Τὸ ἀσώματον ἂν ἐν σώματι κατασχεθῇ, οὐ συγκλεισθῆναι δέει ὡς ἐν ζωγρείῳ θηρίον· συγκλεῖσαι γὰρ αὐτὸ οὐδὲν οὕτω δύναται καὶ περιλαβεῖν σῶμα οὐδ᾿ ὡς ἀσκὸς ὑγρὸν τι ἕλκειν ἢ πνεῦμα, ἀλλ᾿ αὐτὸ δεῖ ὑποστῆσαι δυνάμεις ῥεπούσας ἀπὸ τῆς πρὸς αὐτὸ ἑνώσεως εἰς τὸ ἔξω, αἷς δὴ κατιὸν συμπλέκεται τῷ σώματι· δι᾿ ἐκτάσεως οὖν ἀρρήτου τῆς ἑαυτοῦ ἡ εἰς σῶμα σύνερξις. διὸ οὐδ᾿ ἄλλο αὐτὸ καταδεῖ, ἀλλ᾿ αὐτὸ ἑαυτό, οὐδὲ λύει τοίνυν θραυσθὲν τὸ σῶμα καὶ φθαρέν, ἀλλ᾿ αὐτὸ ἑαυτὸ στραφὲν ἐκ τῆς προσπαθείας.

非物体的なものが物体的なものに含まれている場合でも、檻の中の動物のように閉じこめられなくてはならないわけではない。

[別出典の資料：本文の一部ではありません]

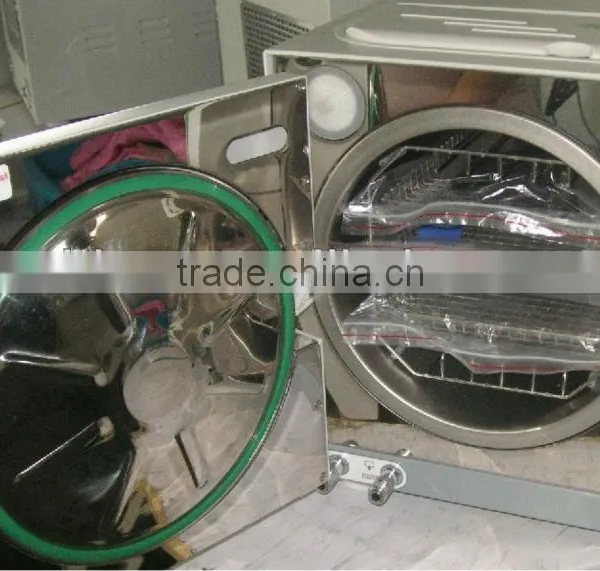 2013 B Class Europen Standard Dental Autoclave MAU-DAD18 photo-2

というのも、それを閉じこめたり取り巻いたりすることは物体にはできないし、革袋がなんらかの液体や空気を入れるようにもできないからだ。そうではなく、非物体的なものは、それ(非物体的なもの)との結合によって外在化へと向かう力を実体化しなくてはならないのである。かくしてそれは下り、物体と一体になる。名状しがたい自身の拡張によって、物体に結合するのである。ゆえに、それは自身以外になにものも必要とせず、離れるときも、物体の破損や消滅によってではなく、非物体それ自身の熱意が逸れるがためなのである。